Kami menandai perimeter ruang kosong dengan bilah pagar baja Corten setinggi 4,5 meter.
Kami merekonstruksi bekas 'kebun mawar', area berpagar yang digunakan untuk menghukum
orang. Kami juga membangun model kamp asli. Kami memindahkan mural yang masih hidup
kembali ke lokasi aslinya. Sebuah ruang bawah tanah yang direkonstruksi sebagian mengarahkan
pengunjung ke sayap bawah tanah (1.126 m²) yang menampung koleksi permanen dan pameran
sementara. Ada banyak ruang untuk pendidikan. Tema saat ini digunakan untuk mengatasi
masalah universal benar dan salah, bias dan sebagainya.
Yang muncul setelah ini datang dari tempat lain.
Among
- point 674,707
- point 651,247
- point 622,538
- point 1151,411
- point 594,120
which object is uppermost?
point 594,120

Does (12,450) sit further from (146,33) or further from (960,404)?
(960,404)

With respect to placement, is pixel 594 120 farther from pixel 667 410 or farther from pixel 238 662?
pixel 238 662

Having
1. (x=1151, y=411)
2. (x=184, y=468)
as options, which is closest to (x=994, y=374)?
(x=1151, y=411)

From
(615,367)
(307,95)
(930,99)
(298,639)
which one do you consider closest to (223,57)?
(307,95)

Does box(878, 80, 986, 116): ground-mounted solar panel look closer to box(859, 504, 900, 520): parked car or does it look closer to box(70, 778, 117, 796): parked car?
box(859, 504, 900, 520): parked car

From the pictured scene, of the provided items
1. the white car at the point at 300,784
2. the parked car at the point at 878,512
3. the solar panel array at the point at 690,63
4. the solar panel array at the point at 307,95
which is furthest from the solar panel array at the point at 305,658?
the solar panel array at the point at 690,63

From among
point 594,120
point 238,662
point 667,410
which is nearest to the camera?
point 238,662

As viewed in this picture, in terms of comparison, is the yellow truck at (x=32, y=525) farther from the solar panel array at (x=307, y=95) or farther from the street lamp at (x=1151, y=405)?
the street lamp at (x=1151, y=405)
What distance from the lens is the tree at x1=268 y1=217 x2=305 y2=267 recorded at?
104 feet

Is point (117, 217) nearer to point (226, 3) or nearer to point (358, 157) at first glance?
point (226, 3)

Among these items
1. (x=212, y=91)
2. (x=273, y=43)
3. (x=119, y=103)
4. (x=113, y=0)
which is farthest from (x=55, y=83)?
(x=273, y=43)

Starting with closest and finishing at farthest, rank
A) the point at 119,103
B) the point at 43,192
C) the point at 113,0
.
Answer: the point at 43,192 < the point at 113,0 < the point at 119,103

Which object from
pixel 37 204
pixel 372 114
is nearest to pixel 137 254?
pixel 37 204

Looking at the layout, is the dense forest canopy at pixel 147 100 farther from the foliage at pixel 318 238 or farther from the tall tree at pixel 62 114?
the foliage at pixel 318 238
Untuk satu hal, bagian ini menunjukkan
bahwa diskriminasi terjadi sepanjang masa, tidak hanya pada Perang Dunia II. Paviliun 2005
yang ada menampung toko museum dan tempat perhotelan. Pada tahap selanjutnya kawasan
hutan akan ditata sesuai dengan tujuan semula sebagai hutan produksi.
Slide Pertama:
Bangunan ini telah dibangun Kembali setelah 75 pembebasan Belanda dari Perang Dunia II.
Namun, saat ini dijadikan sebagai tempat untuk mengenang para tahanan Selama Perang Dunia
II.

konsep design pada bangunan ini dibuat berpusat pada pengalaman kekosongan dan
keterpisahan. Dengan memetakan rute melalui ruang luar yang kosong ke museum bawah tanah
yang baru dan, melalui paviliun yang ada, ke hutan tempat lokasi eksekusi berada.

Jadi tema utamanya adalah rute dari terang ke gelap dan kemudian kembali ke terang, transisi
dari dunia luar, melalui serangkaian gerbang dan tangga. Yang menciptaan kembali perasaan
penindasan, ketidakadilan, dan ketakutan.

Sisa

Bagian dari halaman Akademi Kepolisian menjadi tersedia. Ini berarti kami bisa mulai
menggunakan gerbang masuk asli, salah satu dari sedikit elemen asli kamp yang tersisa.

The design concept of this building imitates the Yumbu Lakhang Palace which was
built by piling one stone on top of another. The material combines several elements
of local culture that have been destroyed with a modern architectural style.